About a month ago I spotted a new thread in the Geocoin Discussions thread on the Groundspeak Forums. Since I just started trading geocoins in January, my curiousity was piqued by the thread title: 3rd International Math Trade starting now!
 
Unlike a typical geocoin trade, when you negotiate one-on-one with the other party to the trade, the international math trade has 3 major phases, all coordinated by the math trade organizer.
 
FIRST, anyone who wants to participate creates their trade list. Oldest GeoKid helped me go through all our geocoins and we picked out 29 coins to participate in the math trade. We picked some coins that seemed to be sought after (i.e. they are on lots of seeking lists on geocoincollection.com), some coins that we thought would be appealing based on their appearance and some coins we just wanted to trade away. By the time everyone put their trade lists in, the 35 participants had placed a total of 709 coins into the trading pool, including an Avroair 2004 personal coin, a couple of Anthus laptops, a Loggerhead micro, some 2008 earth turtles, and many more we’d never seen before.
 
We then had a short period of time to "re-group", which is an opportunity to group 2 or more coins together as a single trade item. We decided to re-group a few of our coins, including putting our 3 da Vinci coins into one group, a Cached and Confused and a Cache or Charge into another, plus one other. We did this for strategic reasons, figuring, for example, the da Vinci set might actually have a chance of trading for something really good.
 
In the SECOND major phase, every participant builds their want list. For each item you’re trading (single coin or group from re-grouping phase), you build a prioritized list of coins that you’re willing to accept in exchange.
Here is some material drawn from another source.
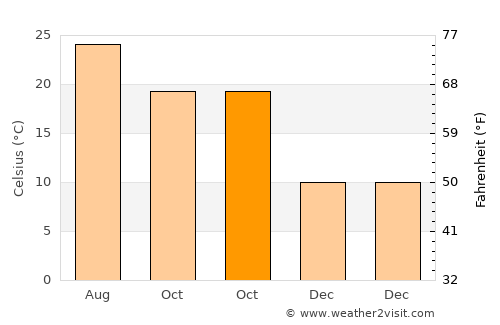 Mandi average temperature in October
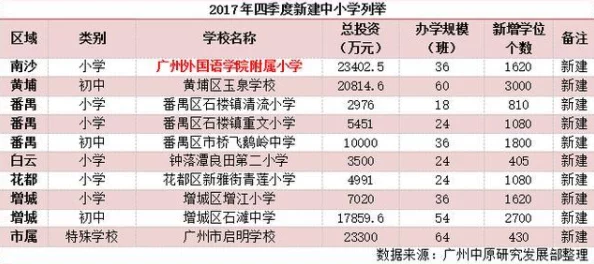 992最新地域网名资源已更新新增多个地区分类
For example, for our set of da Vinci coins we were willing to accept the Puzzle Cache 4-coin set, The Definitive GeoCoin 3-coin series, Loggerhead micro or an Anthus laptop. These lists must be submitted to the trade organizer in a prescribed format and there are certain coding instructions you can include to be sure you don’t get multiples of the same coin.
 
The THIRD major phase is where the "math" comes in. It seems some kind of linear programming application was written for the very first international math trade. The program optimizes all the want lists, to maximize the number of trades that can be done to satisfy the want lists. Once all the behind the scenes sorting out was completed, approx. 430 (61%) of the coins offered had traded. Our personal result was 7 coins that did not trade with the remainder (including all re-grouped coins) trading for some awesome coins: Loggerhead micro, Anthus laptop, Carousel Horse, Satellite Series 6, Phone A Friend, Triple Wisdom, Tantanka Pejula, and more.
 
We sorted, packaged and mailed our traded coins to 13 geocachers: 7 in the USA and 1 each in Australia, Austria, Canada, Germany, Sweden and the U.K. Total postage was $37.88, as all but one qualified as regular letter mail. And we’re looking forward to receiving 14 envelopes in the mail!! I wonder when the 4th International Math Trade will start?